Rhode Island moms fight loophole in consent laws that allow teachers to engage in sexual relationships with teen students

Rhode Island allows sexual relationships between 14-year-olds and adults, as long as it is consensual and as long as there is no penetration.

Ashley St. Clair New York NY

States representatives in Rhode Island have launched a bipartisan effort in the House and Senate to close a disturbing loophole in Rhode Island's consent laws.

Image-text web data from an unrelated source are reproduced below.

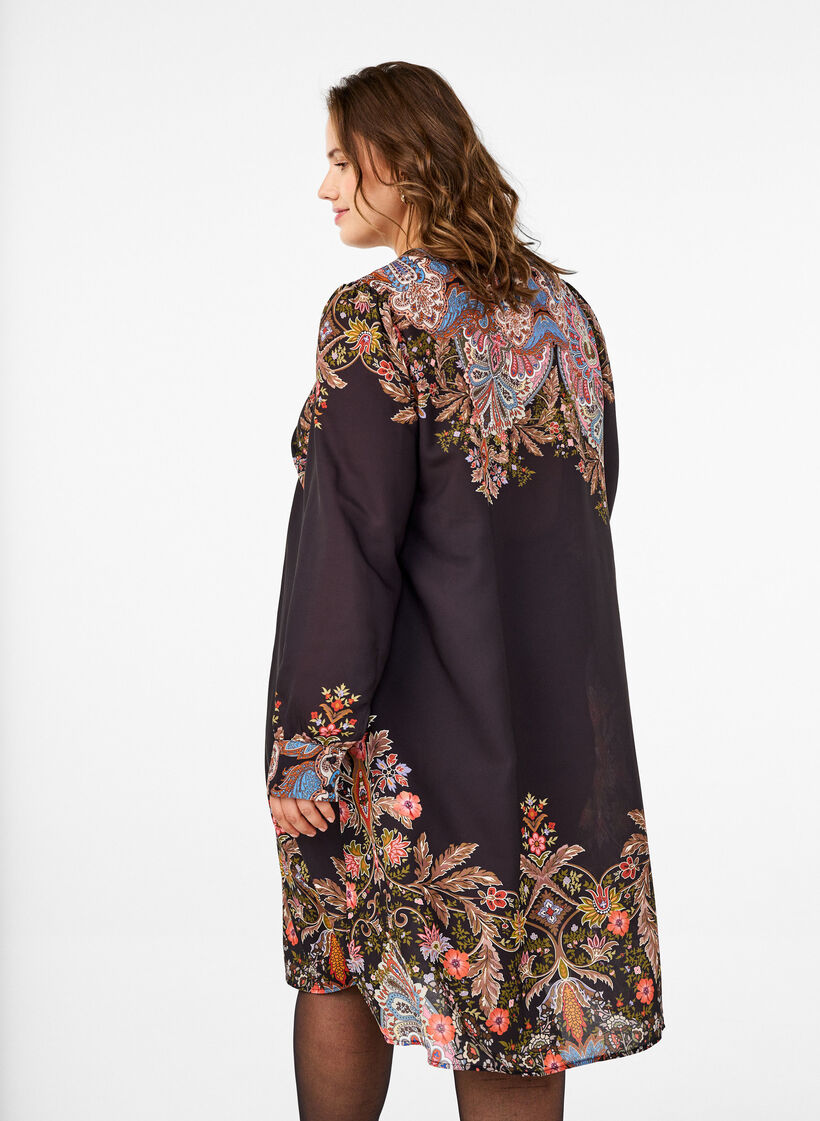 Midikjole med paisleym&oslash;nster, Black Paisley, Model image number 1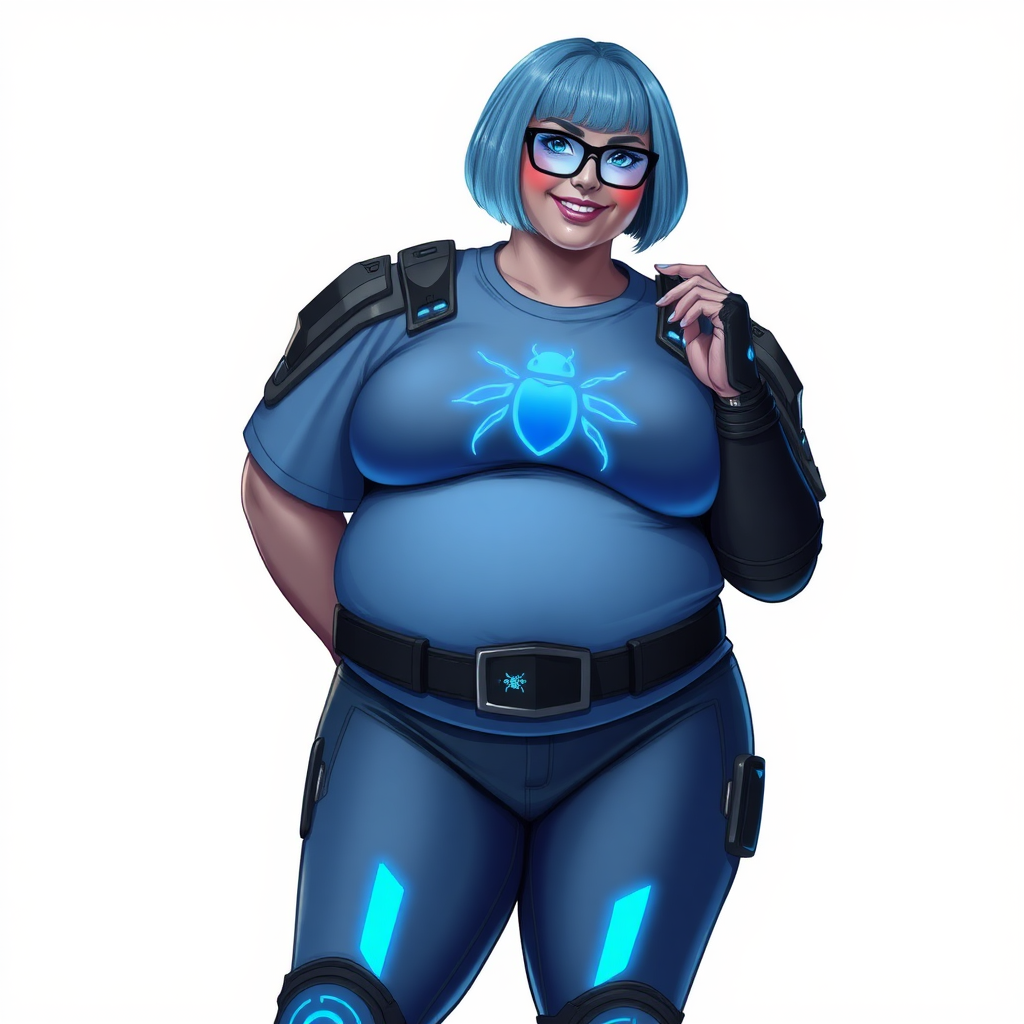 A 28-year-old, full-figured, middle gray (N5) skinned computer program hybrid with a maximum blue bob cut. She has a full-figured, non-athletic build, highlighted by a prominent, round, large midsection (with full emphasis on her large belly), which shows the effects of her new love of junk food acquired from her boyfriend. As the full-figured, nerdy, digital sidekick to her cyberpunk vigilante boyfriend, her metallic middle gray (N5) skin and maximum blue lipstick emphasize her digital nature. She wears a digital, computerized costume, consisting of a huge, tight-fitting, maximum blue t-shirt with a neon blue glowing chest icon of a beetle, hi-tech shoulder pads with neon blue accents, a black hi-tech belt with a maximum blue beetle digital buckle, digital maximum blue biker pants with neon blue accents, and black hi-tech biker gloves with neon blue glowing accents. Her neon blue glowing eyes, black eyeglasses with neon blue lenses equipped with a built-in HUD, and bashful smile with neon red blush accentuate her nerdiness. She stands bashfully with one hand behind her back and the other hand gently touching her cheek, her costume covering all her skin (including her large midsection) and heavily emphasizing her full-figured physique (especially her large belly). She is clearly non-athletic, with a full focus on her full-figured physique. Despite her full-figured build, she radiates beauty. She has a slim face compared to her physique, accentuating her radiant beauty. She is on a solid white background. She is drawn as if she were in a retro 2D cyberpunk fighting game. Ensure she has a metallic middle gray (N5) skin coloration.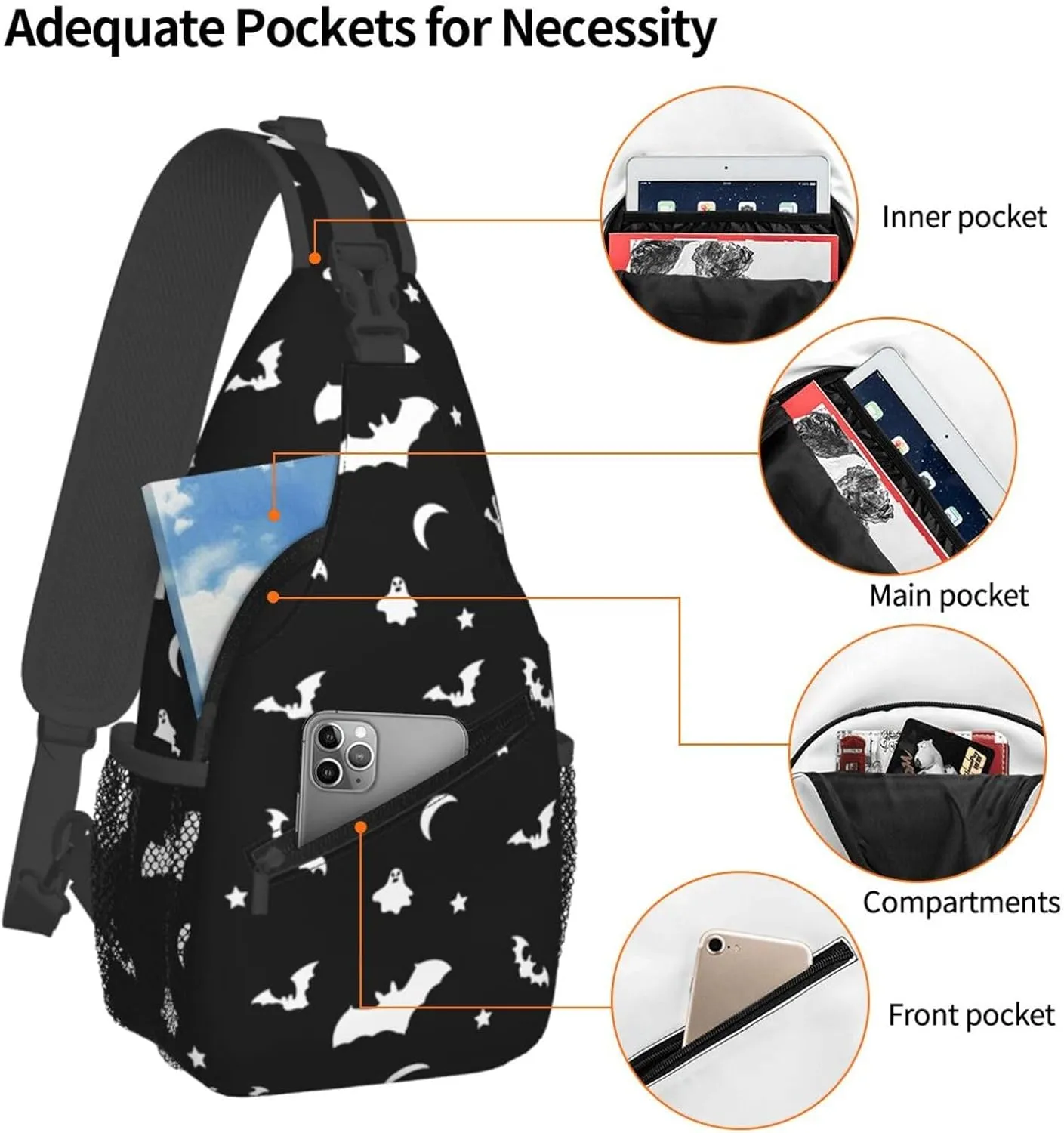 Halloween Goth Bats and Moon Sling Backpack for Women Men, Chest Bag Daypack Crossbody for Travel Sport Running Hiking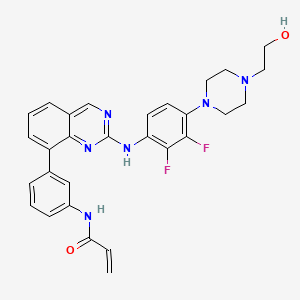 N-(3-(2-((2,3-Difluoro-4-(4-(2-hydroxyethyl)piperazin-1-yl)phenyl)amino)quinazolin-8-yl)phenyl)acrylamide chemical structure (CAS 1660963-42-7)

In Rhode Island, the age of consent is currently 16. Disturbingly, Rhode Island allows sexual relationships between 14-year-olds and adults, as long as it is consensual and as long as there is no penetration.

Regardless of general consent laws, most states have additional legislation that, regardless of age of consent, sexual relationships between school teachers and their students are prohibited— except for Rhode Island and Massachusetts.

As a result of this loophole, a school teacher in Rhode Island is legally allowed to have a sexual, nonpenetrative relationship with a 14-year-old child and a sexual relationship with penetration with a 16-year-old child.

Enraged mothers, politicians, and advocates have joined forces to pass legislation "that will close a loophole that allows those in positions of authority to engage in sexual relations with children."

Erika Sanzi, Director of Outreach at Parents Defending Education, is one of the front-facing advocates on the issue, testifying at multiple public hearings as far back as 2018. Sanzi is a mother of three boys herself and discovered this loophole while doing research on another matter in 2018.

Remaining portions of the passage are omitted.